Once she finally saw a nurse practitioner, she told her everything she needed to. “I have postpartum depression that is manifesting in fits of anger, and I want to discuss my medication options,” she writes. “I tell them I have a very strong support system at home, so although I would never hurt myself or my baby, I’m having violent thoughts and I need medication and therapy to get through this.”
Porten says the nurse practitioner hurried her through the requisite pelvic exam, and left the room to discuss her PPD admission with a doctor. What happened next will absolutely infuriate you.
“They called the fucking cops on me.”
Porten says a staff member had to sit with her for over an hour as they waited for the police to arrive to her doctor’s office. “The cops show up and we’re trying to figure out the logistics of how they’re going to escort me to the ER because I have Kira and her car seat,” she says. “The cops can clearly see I’m of sound mind and that this whole thing is bullshit, so they allow me to drive to the ER with Kira in my car while one cop drives in front of me and one follows behind. We arrive at the ER and I’m checked in, triaged, blood drawn. I am assigned a security guard to babysit me.”
This story is what nightmares are made of. Porten’s husband joined her and baby Kira at the emergency room where the humiliation continued. “They take me to the bathroom so I can give a urine sample. They make me remove all of my clothes and then take them away from me and lock them up. We missed dinner, so a nurse gives us two shitty little turkey sandwiches. I am not seen by a social worker until 10:45pm. She decides she does not need to put me on a psychiatric hold, and they process my discharge.”
Through the afternoon visit at her OB’s office through the entire stressful experience at the ER, Porten says she was never offered the option of consulting with an actual physician.
“Not once during all of this has a doctor laid eyes on me,” she writes. “Not once. Not even before they decided to call the cops on me.”
After leaving the hospital after midnight, Porten says her spirit was “more broken than ever.” Here is a mom who had the awareness and courage to tell healthcare professionals that she was experiencing postpartum depression and was seeking help.
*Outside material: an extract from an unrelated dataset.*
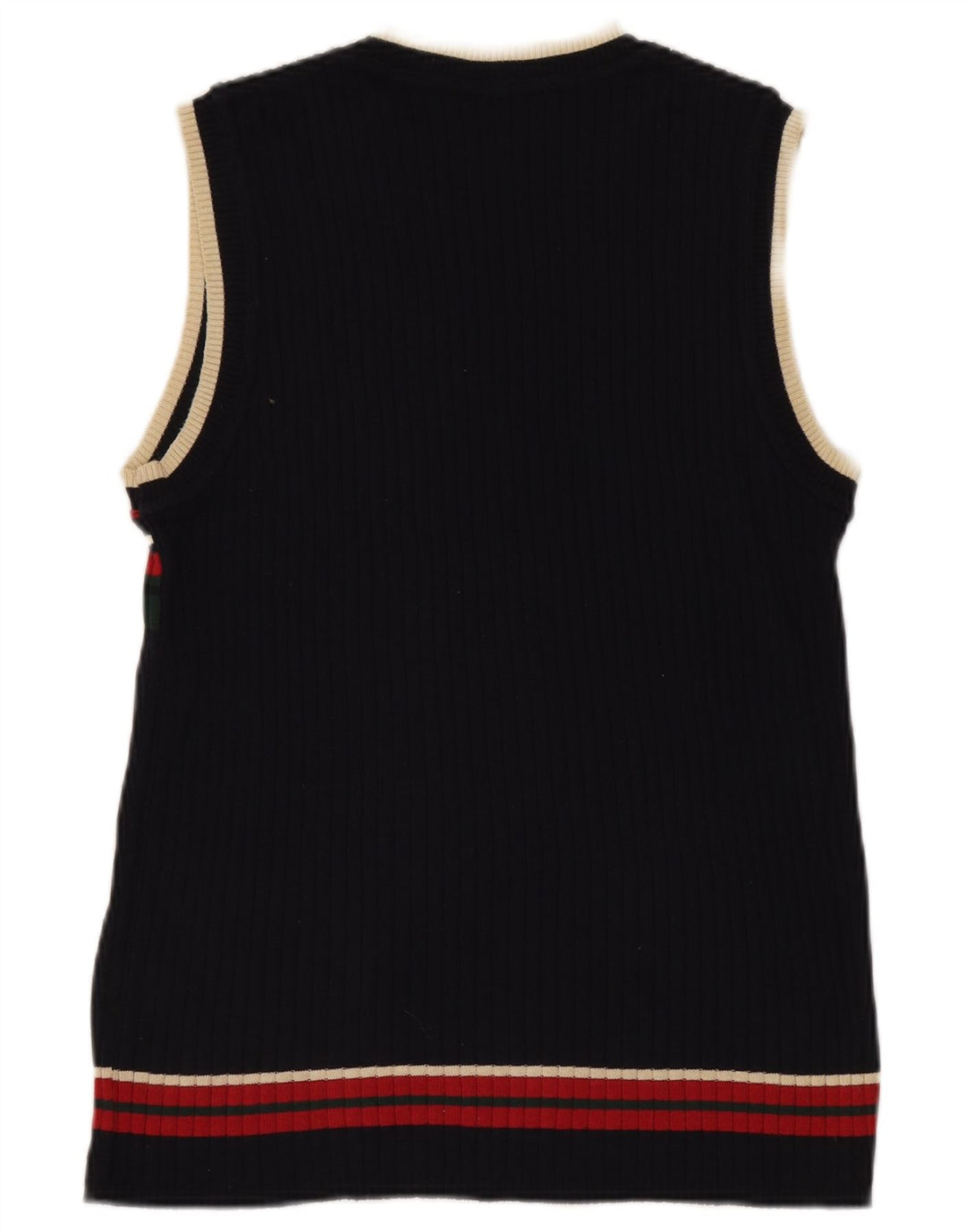 Vintage mujer chaleco camiseta sin mangas Reino Unido 14 algodón de rayas negras grandes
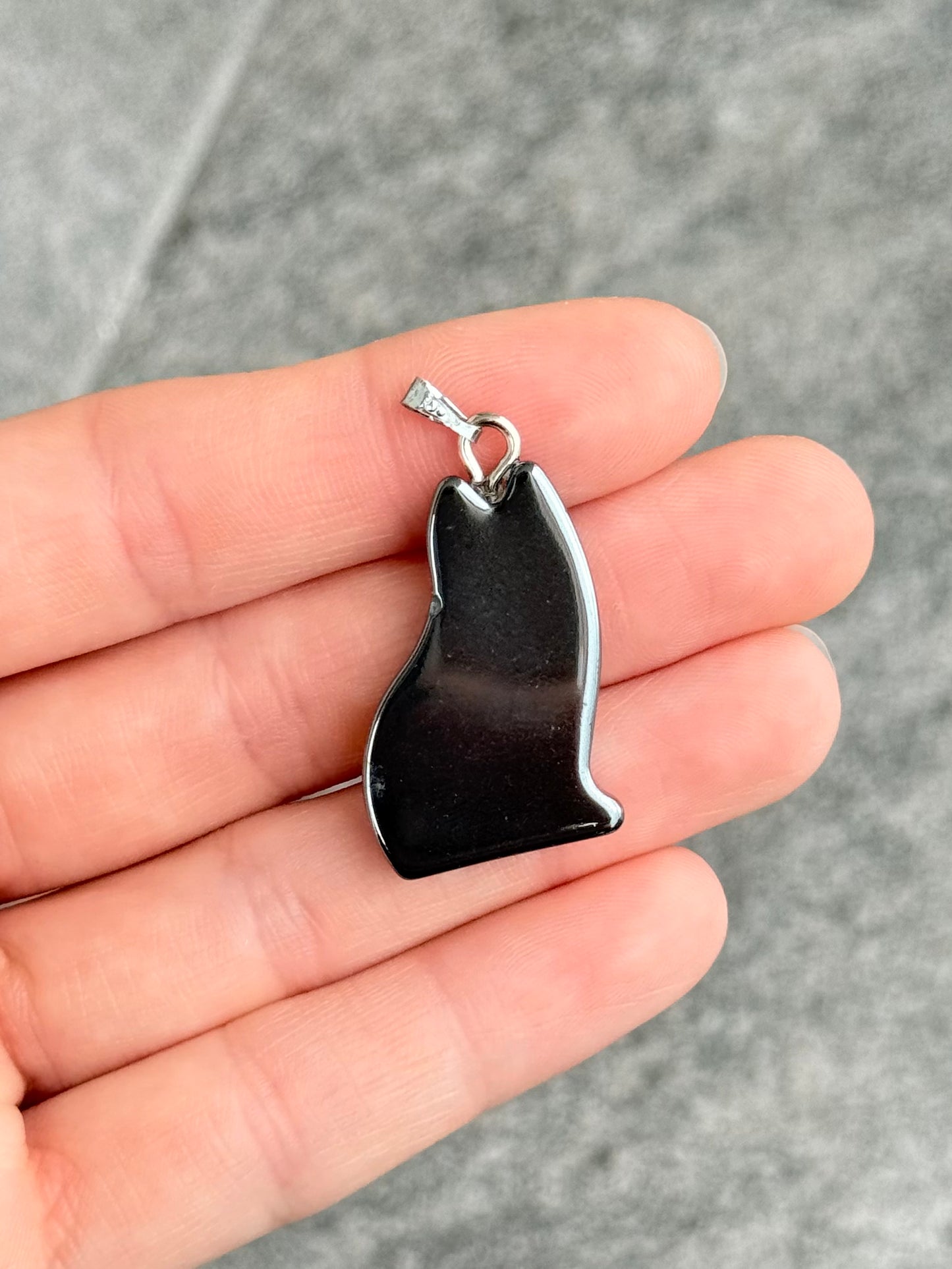 Hematite Cat Pendant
She knew she wasn’t a danger to herself or her daughter, but she needed help nonetheless.
“No medication, no follow up appointment, never spoke to a doctor. This was a 10 hour ordeal that I had to go through all while caring for my infant that I had with me. And that’s it. That’s what I got for telling my OB that I have PPD and I need help. I was treated like a criminal and then discharged with nothing but a stack of xeroxed printouts with phone numbers on them.”
Porten tells Scary Mommy now that her post has gone viral, her focus has shifted from just telling her story to raising awareness to more marginalized people who may not have the same support system she has at home — specifically people of color and members of the LGBTQ community.
“We need to lift up our marginalized communities and make sure they are receiving the care that we ALL deserve so we can thrive as a united people.,” she says. “No woman should have to suffer in silence for fear of having her children taken away. There needs to be systems in place to treat this extremely common condition (PMD) without traumatizing families or ripping them apart.”
Porten requests anyone offering free services to mothers of color and LGBTQ parents is encouraged to use the hashtag #ActionForJessica on Facebook.
As for her doctor’s office, she says no one has reached out to her since the ordeal. Regardless, Porten says she’s humbled by the reaction to her story. “As far as the reaction to the post, I’m both amazed and overwhelmed,” she says. “Viral fame never lasts long and I’m scrambling trying to use this platform effectively and efficiently to enact real change.”